#### DATA TO EXAMINE ####

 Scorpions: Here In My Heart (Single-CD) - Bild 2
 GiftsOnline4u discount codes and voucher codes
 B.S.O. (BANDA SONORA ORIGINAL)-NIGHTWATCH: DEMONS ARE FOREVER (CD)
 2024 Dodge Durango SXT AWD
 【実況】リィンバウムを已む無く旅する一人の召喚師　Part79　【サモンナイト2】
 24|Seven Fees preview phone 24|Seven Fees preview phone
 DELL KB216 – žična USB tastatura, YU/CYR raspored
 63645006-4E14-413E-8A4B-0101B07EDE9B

####
#### DATA TO EXAMINE ####

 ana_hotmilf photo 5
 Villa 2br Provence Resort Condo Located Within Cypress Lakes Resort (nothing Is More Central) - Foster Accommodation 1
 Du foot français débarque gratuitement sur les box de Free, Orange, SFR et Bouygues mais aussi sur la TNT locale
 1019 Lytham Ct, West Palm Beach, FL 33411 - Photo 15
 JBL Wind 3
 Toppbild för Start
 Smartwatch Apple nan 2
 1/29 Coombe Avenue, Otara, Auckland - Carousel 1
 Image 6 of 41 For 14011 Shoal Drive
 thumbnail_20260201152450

####
#### DATA TO EXAMINE ####

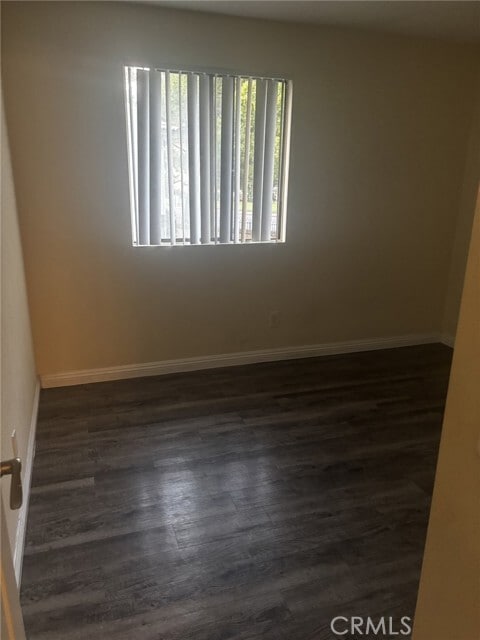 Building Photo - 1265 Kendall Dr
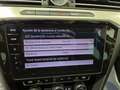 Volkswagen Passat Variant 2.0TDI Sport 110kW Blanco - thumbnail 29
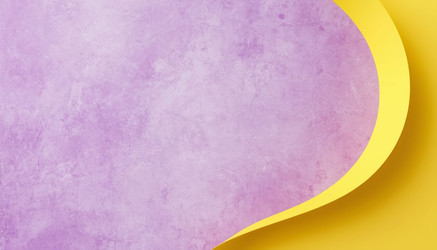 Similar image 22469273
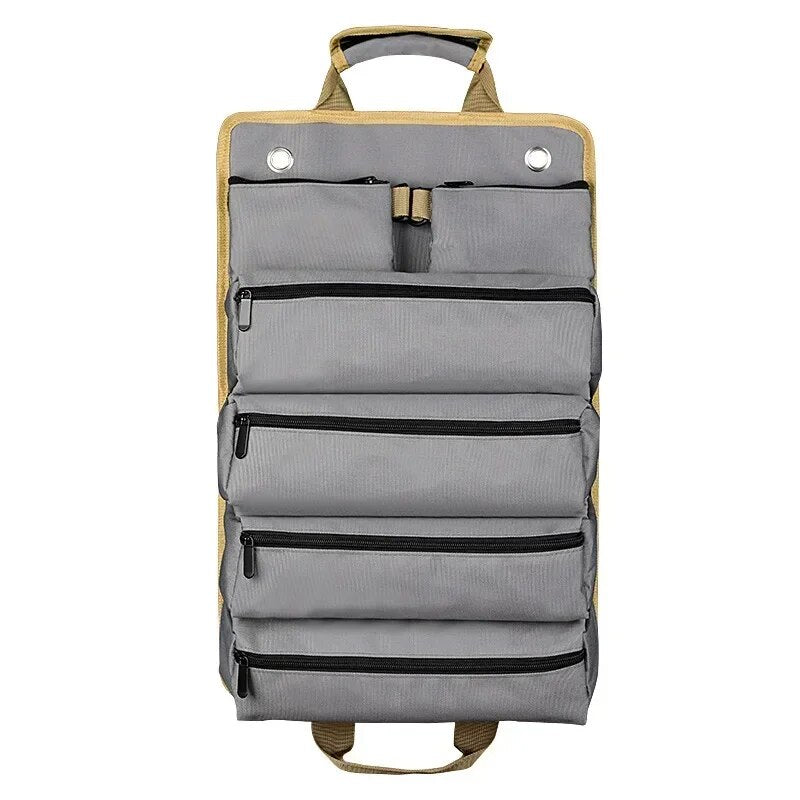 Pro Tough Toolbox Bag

####

* DIRECTIONS FOR THIS TASK: Your task is to restate, word for word, only those lines above that fall between the line holding "Du foot français" and the line holding "thumbnail_20260201152450", inclusive.

* TASK RESPONSE:
 Du foot français débarque gratuitement sur les box de Free, Orange, SFR et Bouygues mais aussi sur la TNT locale
 1019 Lytham Ct, West Palm Beach, FL 33411 - Photo 15
 JBL Wind 3
 Toppbild för Start
 Smartwatch Apple nan 2
 1/29 Coombe Avenue, Otara, Auckland - Carousel 1
 Image 6 of 41 For 14011 Shoal Drive
 thumbnail_20260201152450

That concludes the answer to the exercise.